▸ **Your objective**
For the records below, please print exactly and only the lines from the one with "Image 3 of White" down to the one with "2 Pack Men's", both ends included, omitting the pictures.

▸ **Entries provided**
---
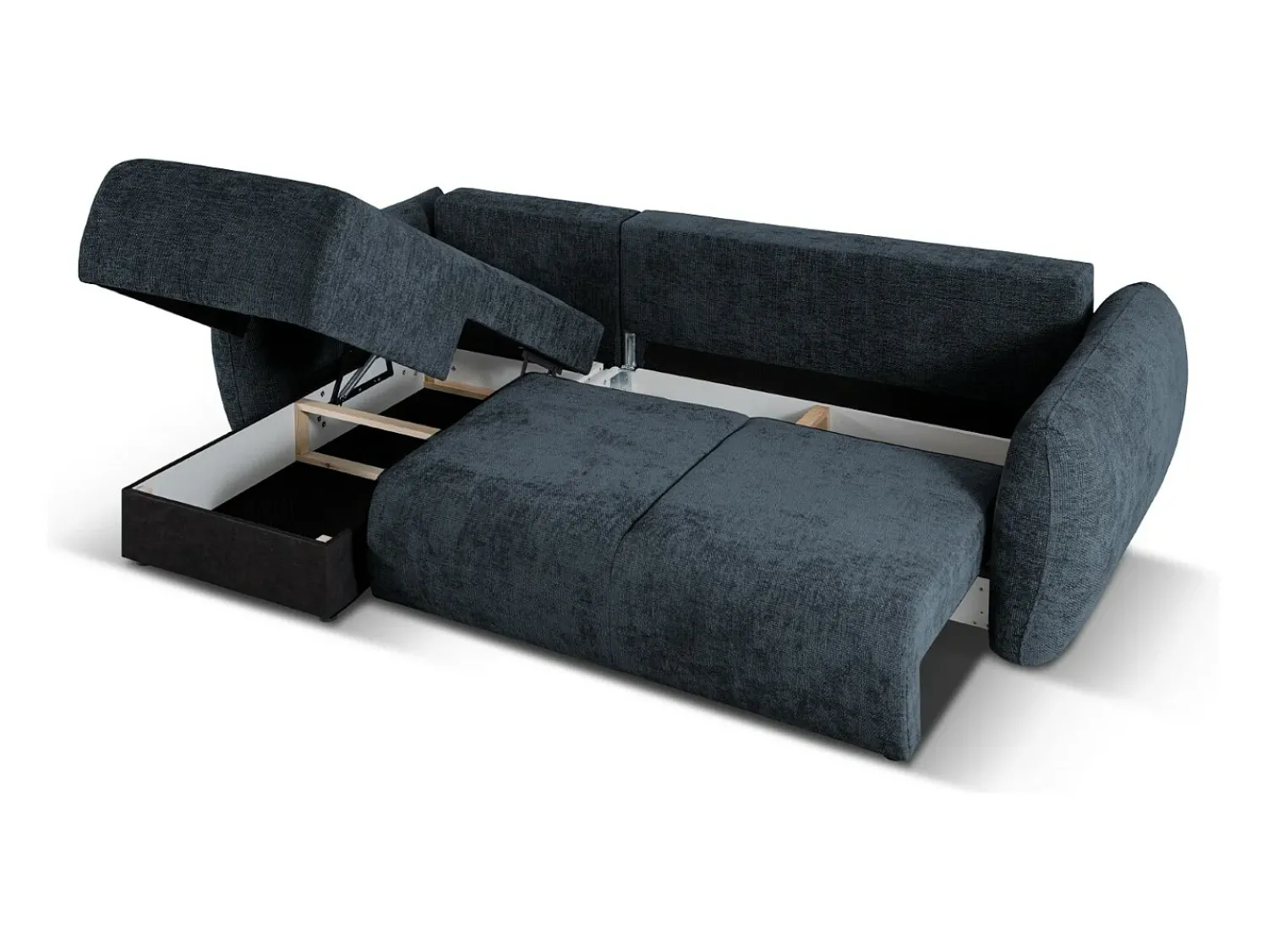 Sofá*Cosmopolitan Design - Sofá convertível de canto esquerdo com caixa de arrumação "Matera" 4 lugares em tecido chenille azul real - 253x173x86cm Azul escuro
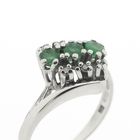Image 3 of White gold ring with emerald and diamond | 0.09 ct.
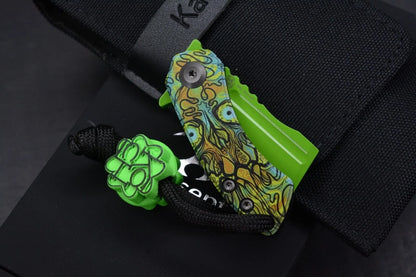 Koch x Kanscept Mini Korvid G10 Undead Green Blade w/Koch St. Paddy Patch & Bead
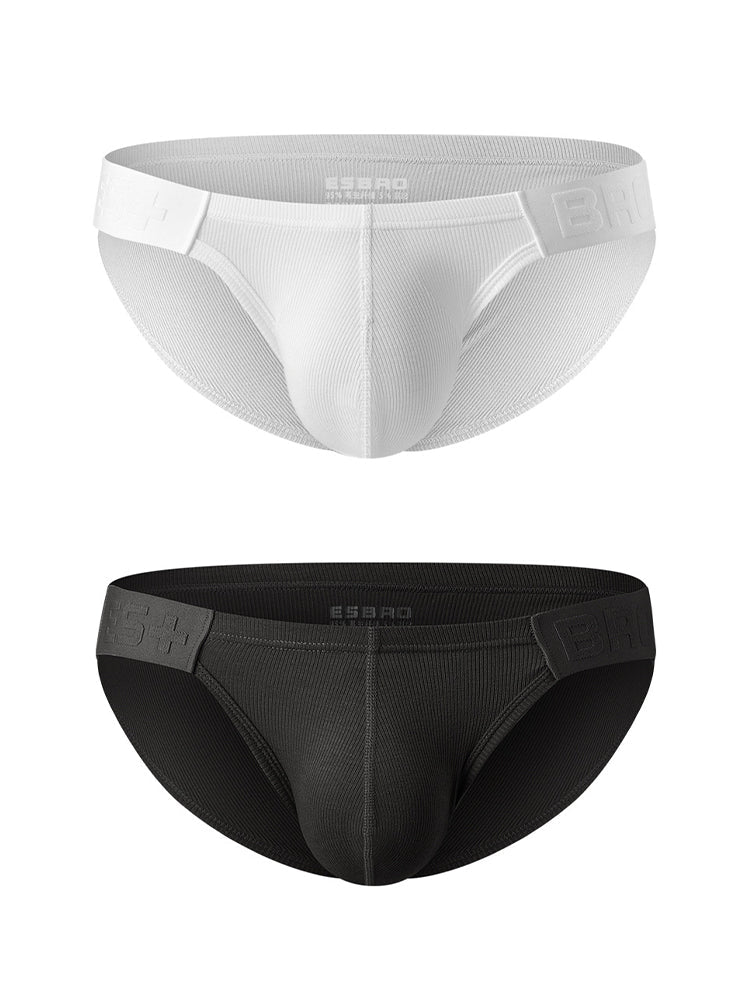 2 Pack Men's Solid Color Low Rise Sweat-Absorbent Large U-Shaped Small Pocket Briefs | dmunderwear variant image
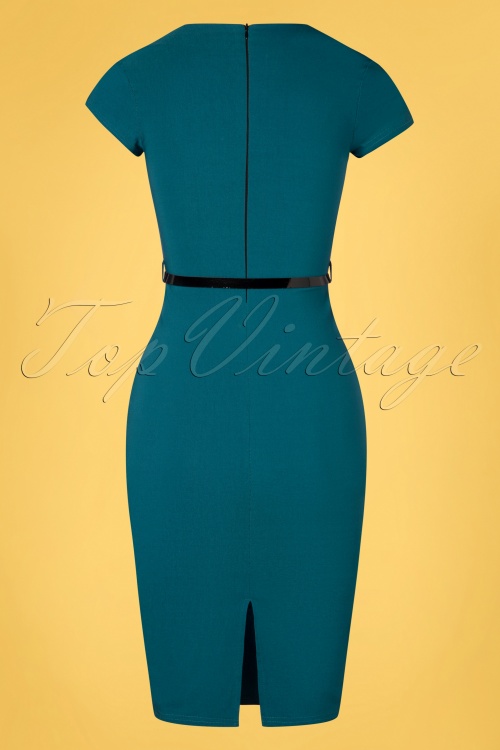 Vintage Chic for Topvintage - Melany pencil jurk in teal blauw 2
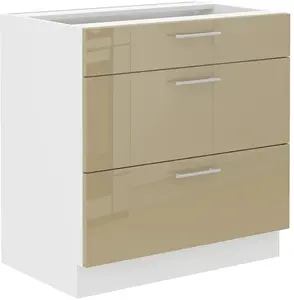 Spodní skříňka Lara 80 D 3S BB - Quadro Barva korpusu: Bílá, Barva dvířek: Cappucino lesk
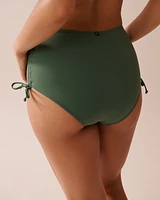 KHAKI Recycled Fibers Side Tie High Waist Bikini Bottom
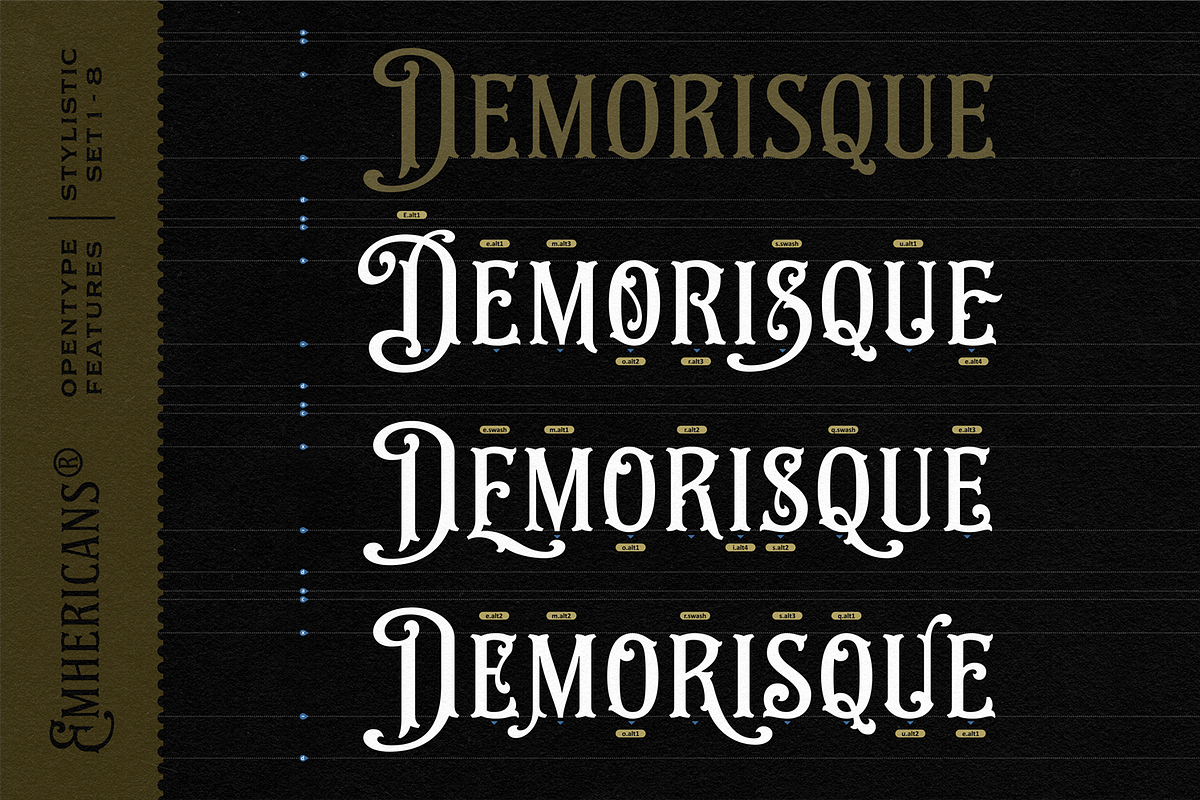 NS Emhericans + Extras, a Serif Font by Novisouldado (Photo 8 of 14)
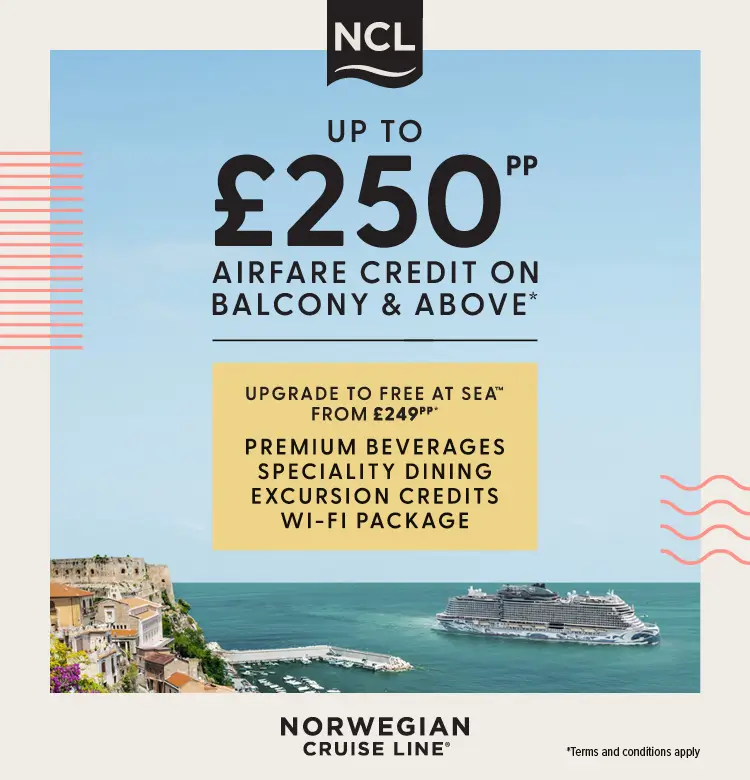NCL Up To £250pp Airfare Credit - May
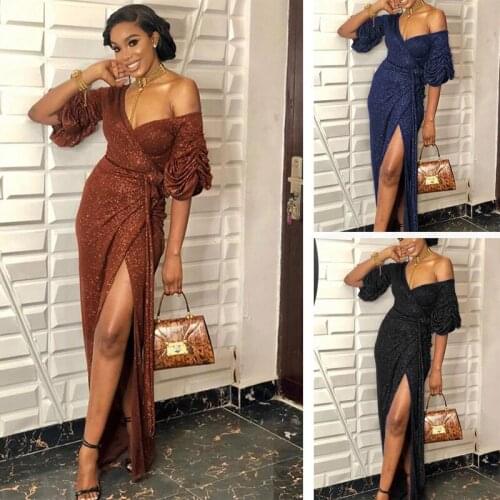 Dress Women Summer 2021 European American womens v-neck bridesmaid strapless Dresses Casual Vestidos SLF4962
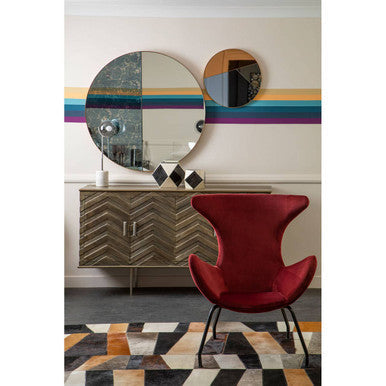 Bosie Safira Large Geometric Striped Hair on Leather Patchwork Rug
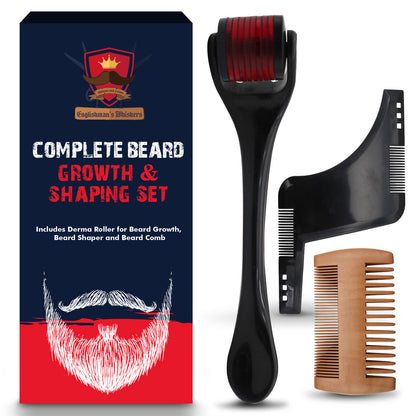 Beard Growth Kit for Men | Derma Roller Shaping Shaper Tool Grooming Wood Comb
---
▸ **Solution to the exercise**
Image 3 of White gold ring with emerald and diamond | 0.09 ct.
 Koch x Kanscept Mini Korvid G10 Undead Green Blade w/Koch St. Paddy Patch & Bead
 2 Pack Men's Solid Color Low Rise Sweat-Absorbent Large U-Shaped Small Pocket Briefs | dmunderwear variant image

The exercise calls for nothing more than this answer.